### Given data

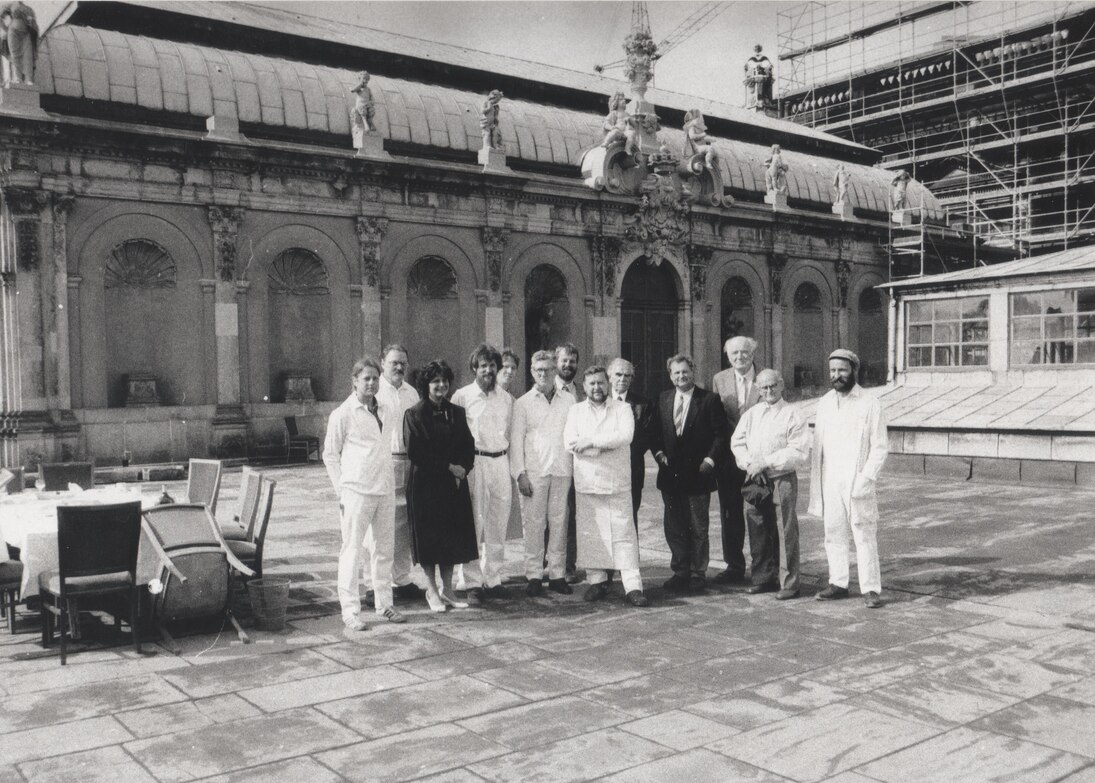 Das Team der Zwingerbauhütte (ZBH) am 18. Juni 1991 zur offiziellen der Wiedereinrichtung der Bauhütte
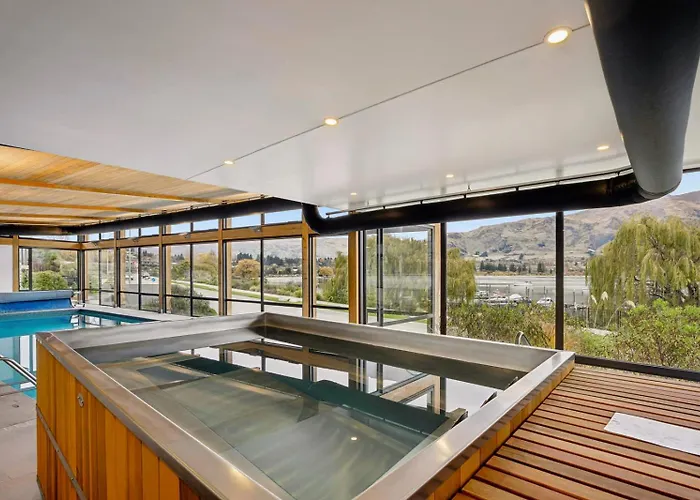 Lakeside Bliss Luxury 2 Bedroom * Wanaka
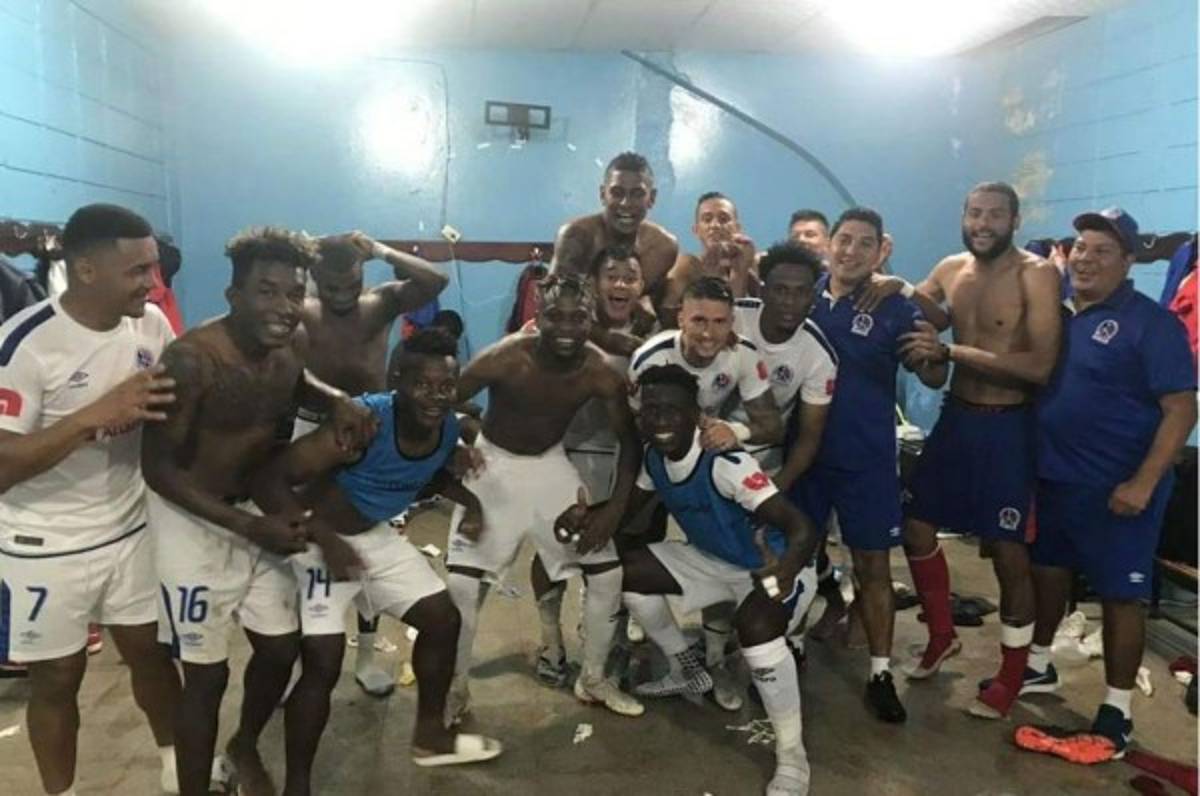 Otro ambiente: La celebración del Olimpia tras vencer a Real España en el Morazám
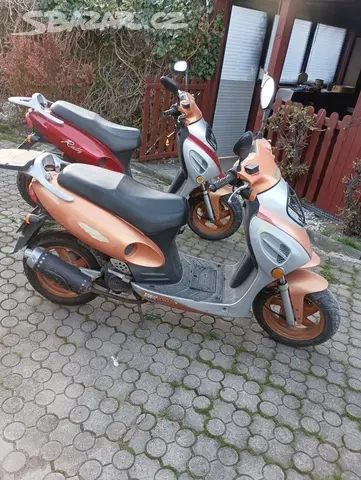 Dva skútry , Yuki rallye moto zeta - 4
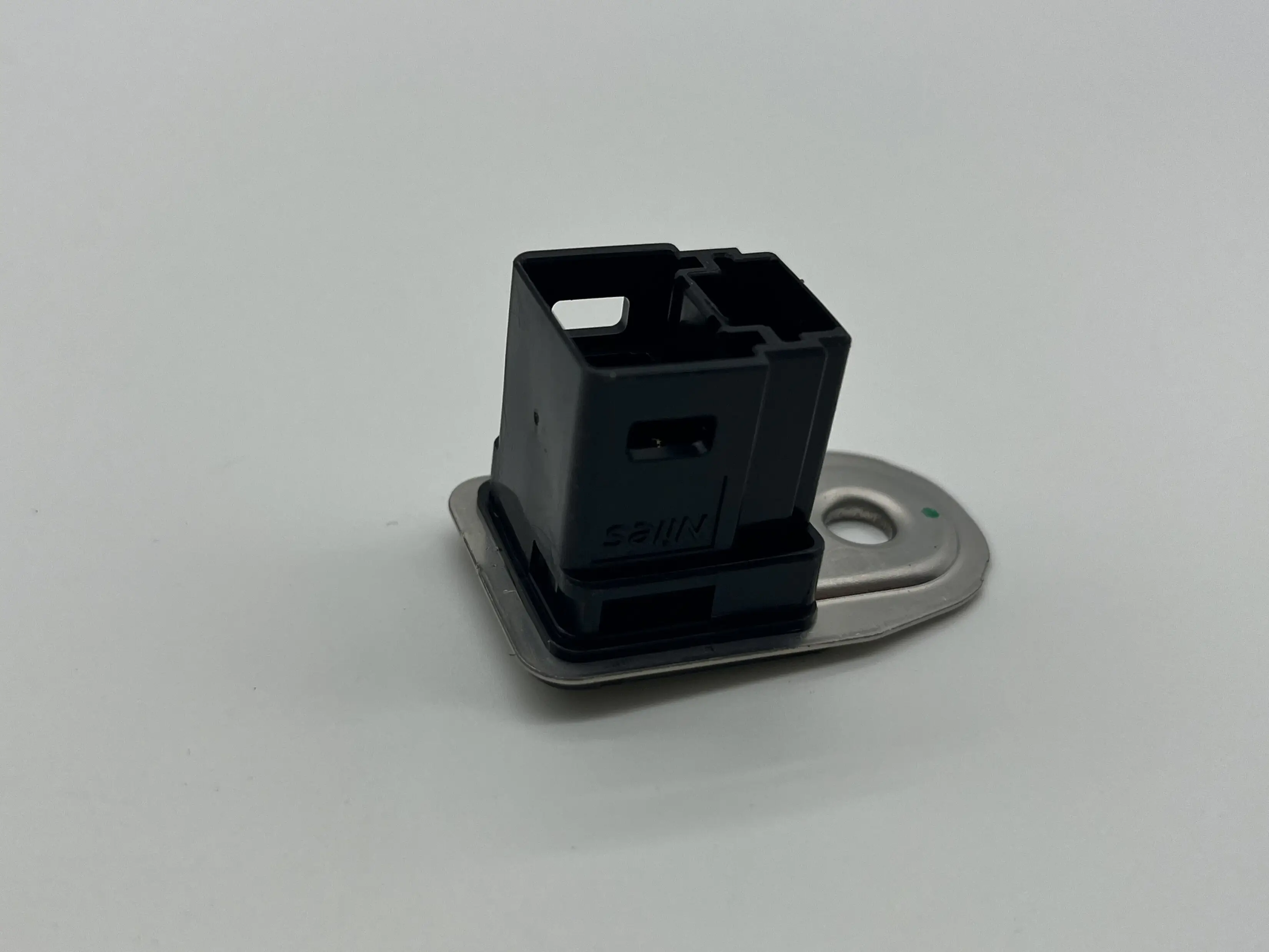Injection Molding Automotive Industry by Pioneer Plastech 5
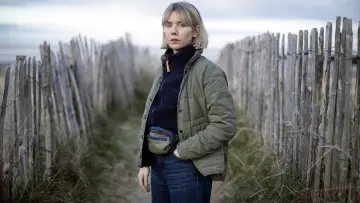 Backdrop for the TV series "Karen Pirie" #1494842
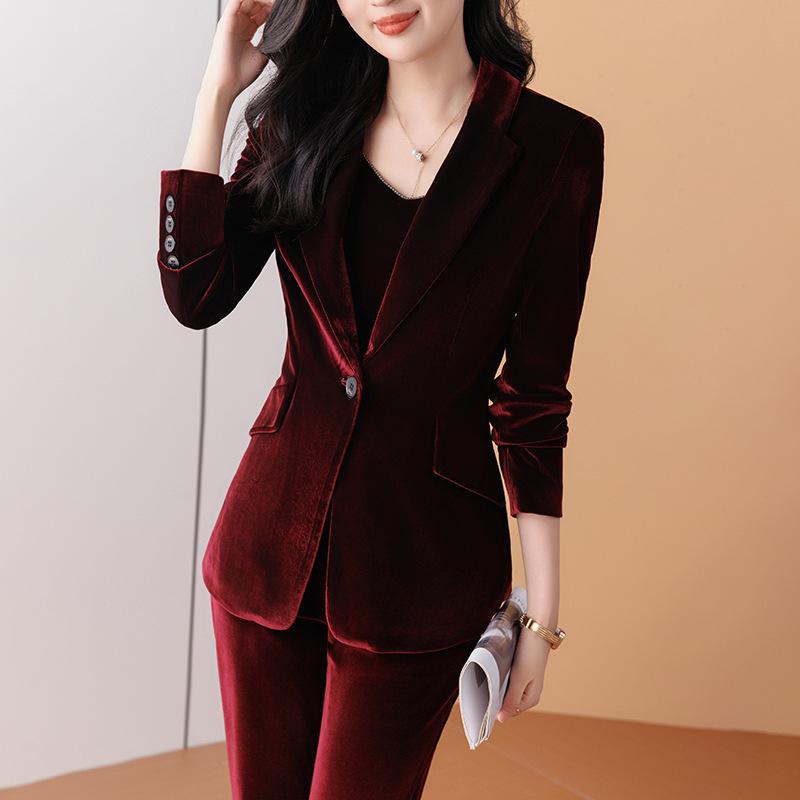 Gold Velvet Suit Professional Suit Women's K-Style 2024 New Early Autumn Royal Sister Elegant Slim Bell-Bottom Pants Two-Piece Set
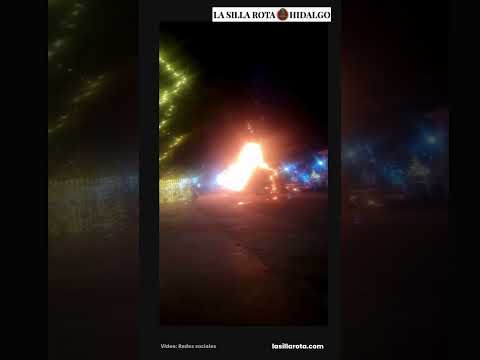 Se incendia árbol de Navidad en la plaza principal de Chilcuautla, Hidalgo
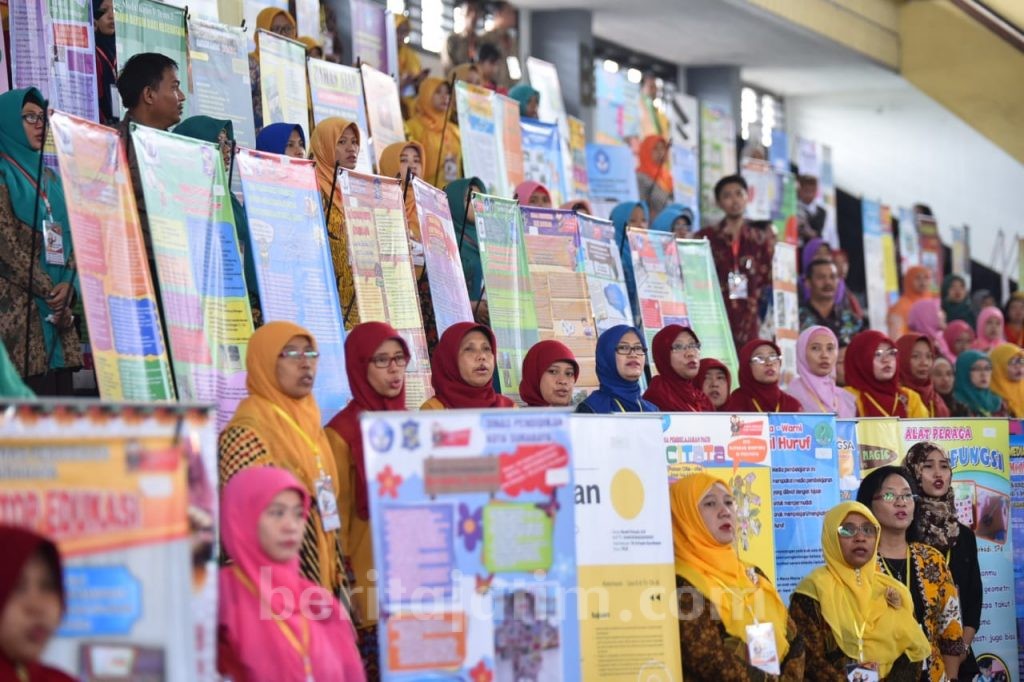 Pergi ke Prancis, Risma Pamerkan Strategi Daur Ulang Sampah Plastik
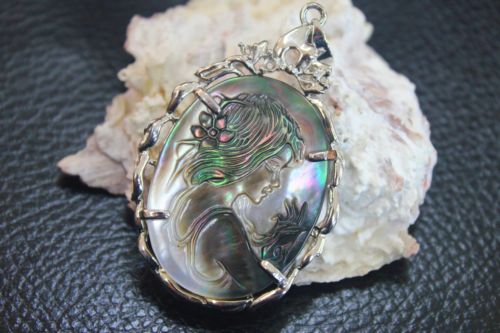 จี้รูปผู้หญิงเปลือกหอยมุก ( Mother of pearl )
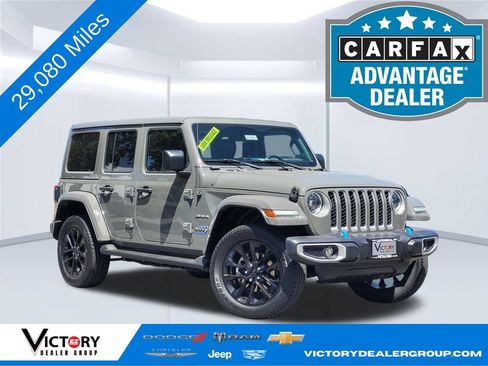 Used 2023 Jeep Wrangler Unlimited Sahara w/ Cold Weather Group AWD/4WD image 1
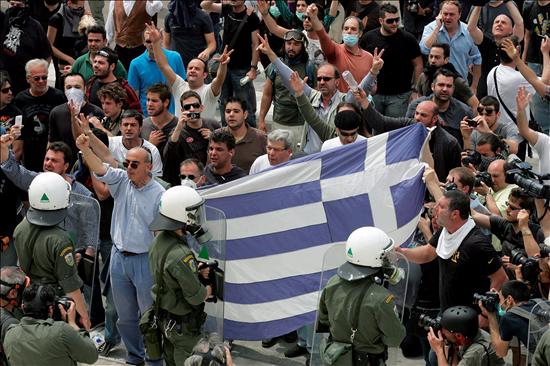 Grecia cierra una jornada trágica de protestas con 3 muertos y 44 heridos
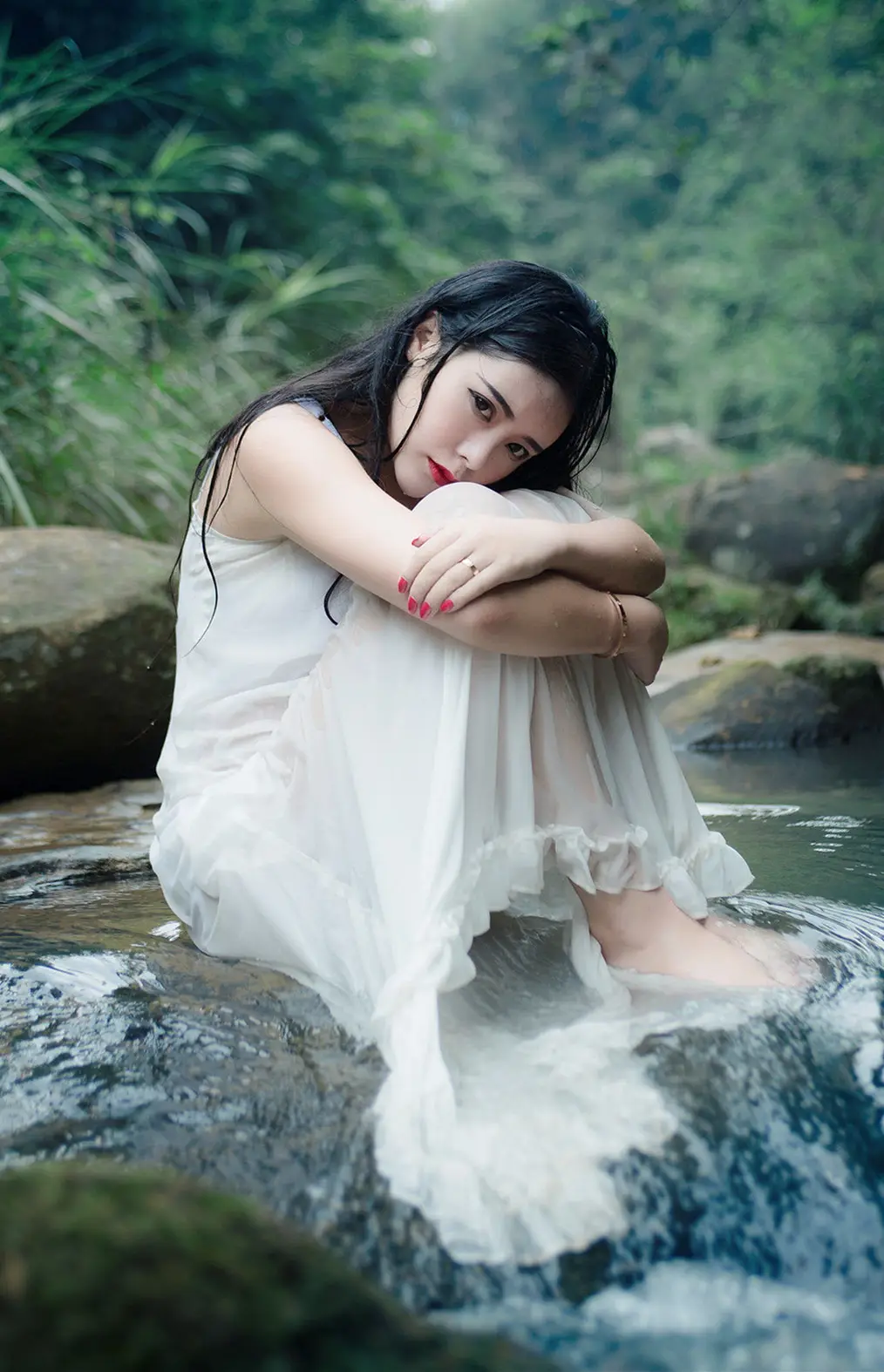 昌都郑州高端私人伴游小野梨子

### Problem statement
The lines above from the line with "Injection Molding Automotive" through the line with "Used 2023 Jeep" are to be given again word for word, with no pictures among them.

### Answer box
Injection Molding Automotive Industry by Pioneer Plastech 5
 Backdrop for the TV series "Karen Pirie" #1494842
 Gold Velvet Suit Professional Suit Women's K-Style 2024 New Early Autumn Royal Sister Elegant Slim Bell-Bottom Pants Two-Piece Set
 Se incendia árbol de Navidad en la plaza principal de Chilcuautla, Hidalgo
 Pergi ke Prancis, Risma Pamerkan Strategi Daur Ulang Sampah Plastik
 จี้รูปผู้หญิงเปลือกหอยมุก ( Mother of pearl )
 Used 2023 Jeep Wrangler Unlimited Sahara w/ Cold Weather Group AWD/4WD image 1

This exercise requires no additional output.